What you should do — Although the records contain pictures, none belong in the copy: restate word for word only the lines from the one with "Hand Knotted Oriental" through the one with "VICLLAX 108 inch", both included.

Source material —
▬▬▬

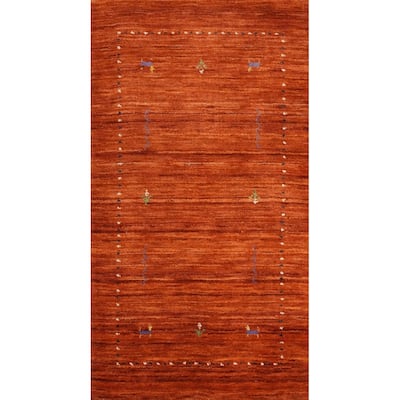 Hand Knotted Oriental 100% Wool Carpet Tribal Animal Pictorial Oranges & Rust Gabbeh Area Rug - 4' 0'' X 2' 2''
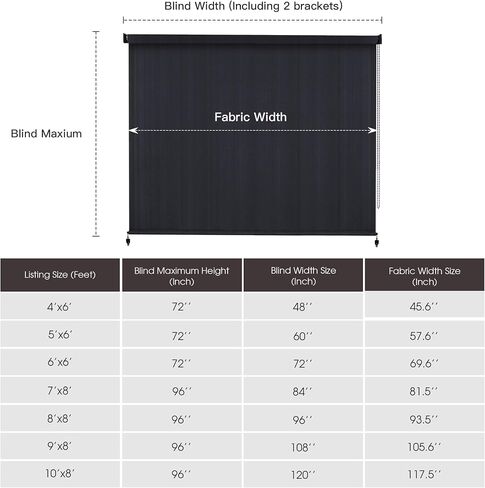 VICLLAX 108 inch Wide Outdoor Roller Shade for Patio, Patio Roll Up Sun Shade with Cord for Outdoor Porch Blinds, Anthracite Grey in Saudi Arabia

▬▬▬

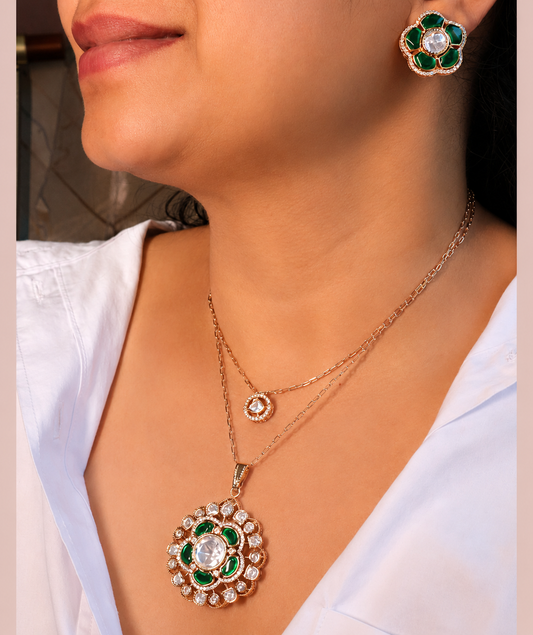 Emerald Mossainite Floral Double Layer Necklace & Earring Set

▬▬▬

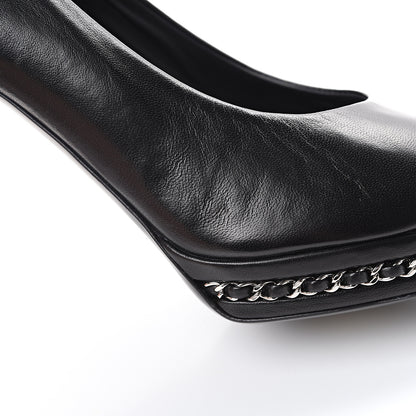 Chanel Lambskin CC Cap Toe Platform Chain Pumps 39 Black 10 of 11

▬▬▬

Your response —
 Hand Knotted Oriental 100% Wool Carpet Tribal Animal Pictorial Oranges & Rust Gabbeh Area Rug - 4' 0'' X 2' 2''
 VICLLAX 108 inch Wide Outdoor Roller Shade for Patio, Patio Roll Up Sun Shade with Cord for Outdoor Porch Blinds, Anthracite Grey in Saudi Arabia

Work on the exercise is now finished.